The Outsider by Jane Casey; White City by Dominic Nolan; The Sequel by Jean Hanff Korelitz; The Fate of Mary Rose by Caroline Blackwood; Ink Ribbon Red by Alex Pavesi

The Outsider by Jane Casey (Hemlock, £8.99)
Tangentially related to Casey’s series featuring police officers Maeve Kerrigan and Josh Derwent, The Outsider focuses on Maeve’s former lover, the undercover police officer Rob Langton. When his prompt action helps to save the life of the crime boss he is tailing, Rob finds himself at the heart of a notorious criminal family.
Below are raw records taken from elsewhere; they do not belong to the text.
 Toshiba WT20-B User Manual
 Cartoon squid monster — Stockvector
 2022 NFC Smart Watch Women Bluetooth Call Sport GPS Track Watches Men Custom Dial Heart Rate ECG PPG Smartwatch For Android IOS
Patriarch Geraint Carter likes to keep people close, and his luxurious country mansion is inhabited by his adult children and their spouses, as well as senior staff members. It’s a macho world where the women, particularly the cowering wife of Geraint’s violent cokehead son Bruno, are essentially captives, and where Rob must continually prove his loyalty. This becomes increasingly difficult when Geraint joins forces with powerful rightwing conspirators intent on stirring up anti-immigrant sentiment by causing carnage in a public place – and the more Rob knows, the more danger he’s in if he’s rumbled … Pacy, gripping and tightly plotted, this book works both as a standalone and as a way into Casey’s excellent series.

White City by Dominic Nolan (Headline, £20)
Dog-whistle politics and undercover policing were quite as dangerous in 1952 as they are today, as Dave Lander, who reports to the flying squad while working for the gangster Billy Hill, discovers when he becomes embroiled in the latter’s plot to rob a mailvan in the West End. The “Eastcastle Street job” actually took place – the stolen money, which would be worth about £10m today, was never recovered, and nobody was ever charged – as did the Notting Hill race riots of 1958, which form the background to the book’s second half. Billy Hill, like many of the characters in this superb evocation of a postwar London struggling to emerge from the ruins, really existed. The slum landlord Peter Rachman, socialite Lady Docker, crime reporter Duncan Webb and many more rub shoulders with the invented characters as Nolan deftly intertwines Lander’s narrative with that of Addie, whose Jamaican postman father goes missing after the heist, and disillusioned Notting Dale-dweller Claire, whose husband disappears at the same time.